Is Charles Finney the Prototype for Evangelicalism?

With the recent publication of the second edition of a book from the 1970’s, Douglas M. Strong has repackaged Donald Dayton’s theory that evangelicalism is defined by faith experience and right living, rather than by doctrinal fidelity. 

 Dayton’s book uses Charles G. Finney and those closely tied to him as the exemplars of this trend. While it cannot be denied that Finney preached the gospel (or at least a form of it) widely and pointed many to Christ, there is significant doubt that Finney’s belief system is a viable foundation for a sustainable Christian faith, much less being at the heart of historic evangelicalism.

 Charles G. Finney

Charles G. Finney

 Finney’s intellectual hubris was his theological undoing. As a trained lawyer, and by all accounts a very intelligent man, Finney assumed that he could, without cultural influence, rightly interpret Scripture. Based on a likely limited library at his teacher’s house, Finney rejected all historical Christian teachings because he did not like the way they were argued. Instead, he committed himself to a “no creed but the Bible” approach, without the aid of theological conversation with contemporary or historical peers. This unfortunate confidence was enabled by Finney’s quick wits and premature promotion to public ministry. In truth, Finney’s belief that he could rightly interpret Scripture without any external influence affecting the outcome rests very close to what is known as the “fundamentalist fallacy.”

Misunderstanding the Atonement

 In his autobiography, Finney records his opportunity to debate with a Universalist while he was still in his ministerial training. His teacher was ill and Finney stood in, ostensibly to defend orthodoxy. Finney writes,

I delivered two lectures upon the atonement. In these I think I fully succeeded in showing that the atonement did not consist in the literal payment of the debt of sinners, in the sense in which the Universalist maintained; that it simply rendered the salvation of all men possible, and did not of itself lay God under the obligation to save anybody; that it was not true that Christ suffered just what those for whom he died deserved to suffer; that no such thing as that was taught in the Bible, and no such thing was true; that, on the contrary, Christ died simply to remove an insurmountable obstacle out of the way of God’s forgiving sinners, so as to render it possible for him to proclaim a universal amnesty, inviting all men to repent, to believe in Christ, and to accept salvation that instead of having satisfied retributive justice, and borne just what sinners deserve, Christ had only satisfied public justice, by honoring the law, both in his obedience and death, thus rendering it safe for God to pardon sin, to pardon the sins of any man and of all men who would repent and believe in him. I maintained that Christ, in his atonement, merely did that which was necessary as a condition of the forgiveness of sin; and not that which cancelled sin, in the sense of literally paying for the indebtedness of sinners. (Charles G. Finney, Charles G. Finney: An Autobiography [Westwood, N. J.: Barbour Books], 38)

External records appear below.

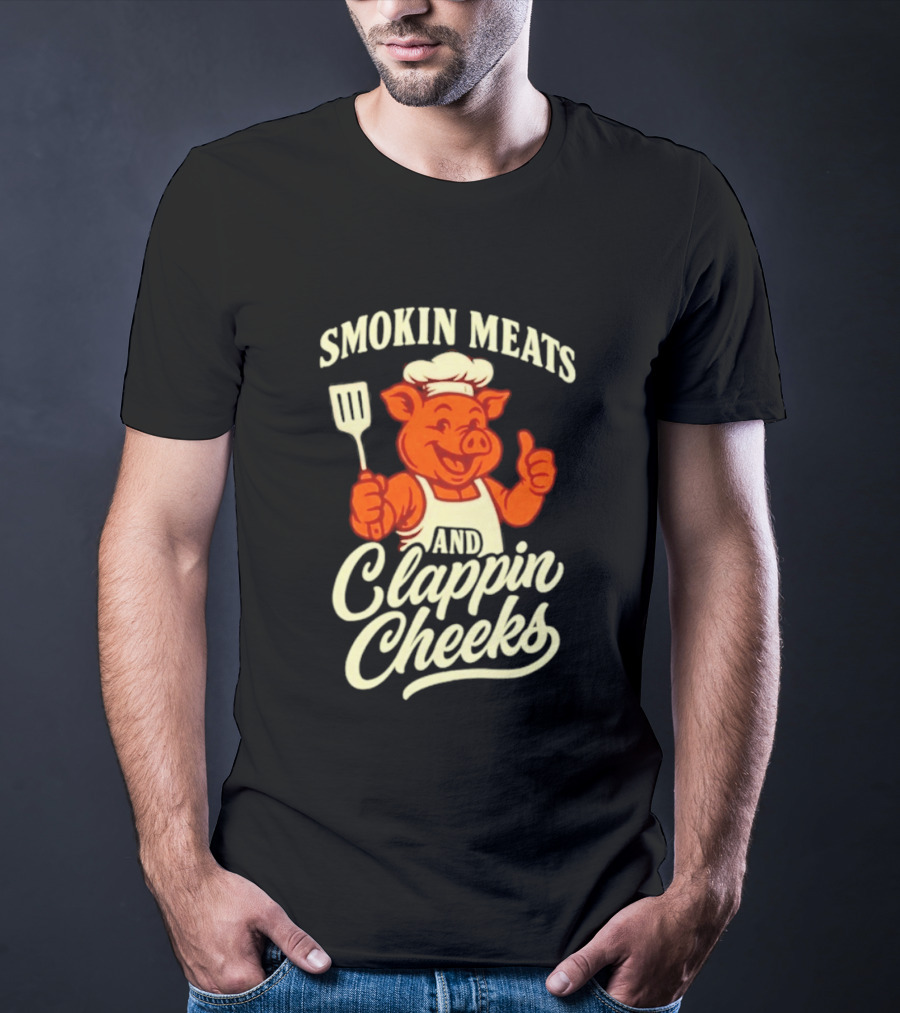 Smokin Meats And Clappin Cheeks Pig Chef Thumbs Up BBQ T-Shirt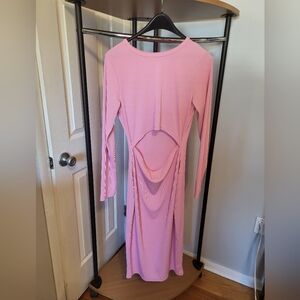 Elegant Long Sleeve Pink Dress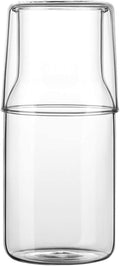 Sizikato 15 Oz Clear Glass Bedside Night Water Carafe with Tumbler Glass, Set of 2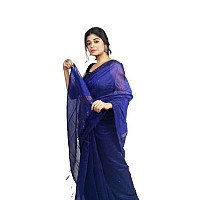 Sareekatha Womens Pure Cotton Saree for women with Blouse. (Navy blue)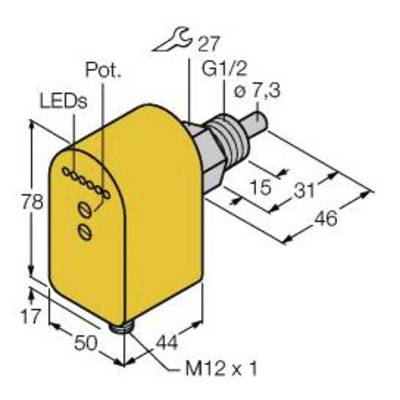 Rysunek techniczny żółtego czujnika o wymiarach: 78x50 mm. Przedstawia rozmieszczenie diod LED, potencjometrów, złączy oraz gwintu M12 x 1.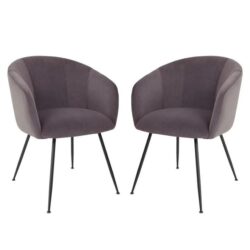 Raimon Furniture Set of 2 Finale Velvet Fabric Dining Chair - Black Metal Legs - Steel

Finney rejected the notion of election, divine calling, and substitutionary atonement in Christ’s death on the cross.

In truth, Christ’s death on the cross as a human in human form was only necessary because it is substitutionary. If all Christ did was make possible salvation in a general way, it could have as simply been done by fiat as by self-sacrifice. Without extending this post with further discussion on the atonement, it is clear that Christ came as a redeemer not as an enabler. Even taking a thematic view of Scripture, rather than pursuing a verse by verse defense, it does not seem that Finney’s perspective on the atonement is helpful. In short, even without accepting a fully Calvinistic theological paradigm, Finney’s reasoning seems better suited to win an argument against Universalism than to be considered biblically faithful.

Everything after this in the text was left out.